Records drawn from a dataset:
________________________

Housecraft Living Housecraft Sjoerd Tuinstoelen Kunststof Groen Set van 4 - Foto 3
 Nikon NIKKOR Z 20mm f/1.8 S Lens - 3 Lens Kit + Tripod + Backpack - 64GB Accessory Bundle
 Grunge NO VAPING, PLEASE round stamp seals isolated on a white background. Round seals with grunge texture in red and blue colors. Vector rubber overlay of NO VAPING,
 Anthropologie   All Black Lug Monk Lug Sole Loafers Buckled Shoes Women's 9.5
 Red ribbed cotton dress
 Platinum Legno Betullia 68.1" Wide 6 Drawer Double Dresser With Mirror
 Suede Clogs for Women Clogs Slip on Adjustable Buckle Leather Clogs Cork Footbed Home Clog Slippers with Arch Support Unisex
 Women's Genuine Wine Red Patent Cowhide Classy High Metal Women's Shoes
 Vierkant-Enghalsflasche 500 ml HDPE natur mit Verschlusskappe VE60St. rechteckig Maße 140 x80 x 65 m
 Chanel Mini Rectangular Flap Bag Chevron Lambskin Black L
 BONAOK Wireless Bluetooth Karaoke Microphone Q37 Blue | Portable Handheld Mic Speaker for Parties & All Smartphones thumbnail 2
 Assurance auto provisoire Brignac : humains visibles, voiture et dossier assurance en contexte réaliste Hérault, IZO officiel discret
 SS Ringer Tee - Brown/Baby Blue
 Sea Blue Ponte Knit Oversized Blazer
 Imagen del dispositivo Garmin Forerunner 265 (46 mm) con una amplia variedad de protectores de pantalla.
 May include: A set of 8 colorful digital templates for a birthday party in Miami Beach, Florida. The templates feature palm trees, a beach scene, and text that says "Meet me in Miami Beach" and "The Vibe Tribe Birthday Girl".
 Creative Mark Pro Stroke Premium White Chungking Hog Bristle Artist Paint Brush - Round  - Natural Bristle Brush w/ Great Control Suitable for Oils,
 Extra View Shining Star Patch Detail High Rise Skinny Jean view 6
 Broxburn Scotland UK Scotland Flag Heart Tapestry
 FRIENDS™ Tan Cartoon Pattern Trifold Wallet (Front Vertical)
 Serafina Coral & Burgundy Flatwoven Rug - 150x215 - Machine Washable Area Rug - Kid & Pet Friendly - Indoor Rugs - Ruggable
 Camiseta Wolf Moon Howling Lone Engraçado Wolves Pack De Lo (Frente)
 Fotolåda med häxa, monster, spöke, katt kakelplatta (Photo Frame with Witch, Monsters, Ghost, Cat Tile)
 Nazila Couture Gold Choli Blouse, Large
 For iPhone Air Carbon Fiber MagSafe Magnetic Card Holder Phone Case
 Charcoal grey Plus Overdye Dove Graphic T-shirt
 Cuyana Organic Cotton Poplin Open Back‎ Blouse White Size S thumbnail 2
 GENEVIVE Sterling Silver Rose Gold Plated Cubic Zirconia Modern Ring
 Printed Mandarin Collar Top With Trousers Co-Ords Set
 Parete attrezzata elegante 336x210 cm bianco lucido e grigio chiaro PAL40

________________________

Work task: Repeat only what lies between the first line of the data and the line containing "Platinum Legno Betullia", both of those lines included, exactly as it stands.

Response area:
Housecraft Living Housecraft Sjoerd Tuinstoelen Kunststof Groen Set van 4 - Foto 3
 Nikon NIKKOR Z 20mm f/1.8 S Lens - 3 Lens Kit + Tripod + Backpack - 64GB Accessory Bundle
 Grunge NO VAPING, PLEASE round stamp seals isolated on a white background. Round seals with grunge texture in red and blue colors. Vector rubber overlay of NO VAPING,
 Anthropologie   All Black Lug Monk Lug Sole Loafers Buckled Shoes Women's 9.5
 Red ribbed cotton dress
 Platinum Legno Betullia 68.1" Wide 6 Drawer Double Dresser With Mirror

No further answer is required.